Thanks.
I tried CV66 again today. I set it to 5 and it did slow down quite a lot, but when I set it to 200, there's no different from the original 128. maybe power consumption is the problem.
I'll give your post a bump, and maybe someone who knows more than I will comment. I did see another complaint in another forum of low top speed, which the poster blamed on decoder power consumption. None of the youtube videos I saw showed anything but slow operations.
CV66 is Forward Trim
"There are two more CVs for adjusting the forward and reverse speeds. CV 66 is the Forward Trim, CV 67 controls the Reverse Trim.These CVs multiply all data points in the speed table (either CV 67 to 94 or CV 2,5,6) by a factor of n/128 (where n is the value stored in the CV). This results the overall speed curve to be adjusted up or down without the need to adjust the speed table data points again."

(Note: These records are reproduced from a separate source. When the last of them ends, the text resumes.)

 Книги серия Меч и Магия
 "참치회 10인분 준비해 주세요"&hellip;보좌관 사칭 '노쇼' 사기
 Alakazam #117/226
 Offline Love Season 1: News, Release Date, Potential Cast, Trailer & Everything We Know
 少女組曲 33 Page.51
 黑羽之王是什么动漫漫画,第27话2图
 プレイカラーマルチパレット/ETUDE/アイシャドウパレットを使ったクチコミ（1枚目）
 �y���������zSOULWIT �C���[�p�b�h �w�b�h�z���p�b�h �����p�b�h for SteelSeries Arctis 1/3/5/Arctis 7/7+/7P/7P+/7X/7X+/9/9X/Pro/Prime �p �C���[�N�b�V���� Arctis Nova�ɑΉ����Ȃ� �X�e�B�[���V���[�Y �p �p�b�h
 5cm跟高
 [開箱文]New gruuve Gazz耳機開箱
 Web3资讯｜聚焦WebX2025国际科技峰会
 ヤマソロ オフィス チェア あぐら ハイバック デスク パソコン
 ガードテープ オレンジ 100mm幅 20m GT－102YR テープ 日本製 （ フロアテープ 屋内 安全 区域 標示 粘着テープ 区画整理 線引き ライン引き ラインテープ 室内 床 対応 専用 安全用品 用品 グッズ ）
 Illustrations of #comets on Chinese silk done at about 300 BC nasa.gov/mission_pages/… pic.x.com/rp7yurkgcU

The CVs can hold values between 0 and 255. A trim value > 128 will result in a higher speed, a trim value < 128 will result in a lower speed. A value of 128 maintains the original scaling factor of 1 and will therefore have no influence in the speed curve."
The above is from the Loksound manual
Henry
COB Potomac & Northern
Shenandoah Valley
I have an HO BLI E8A, and as far as I tested, it could only reach almost 80 scale mph with 4 Walthers passenger cars under full throttle on my NCE PowerCab system. Aren't these locos supposed to reach 100mph or more (I know some E8 with different gearing have a top speed of 85, but the model is still running slow)?
I tried to adjust CV5 from 250 to 255 but that only had a tiny effect. I went over the Tech manual and adjusted CV66 which doesn't exist in the operator's manual, and there wasn't even a minor difference.
So is this a problem with the model itself? Is there a way to fix it?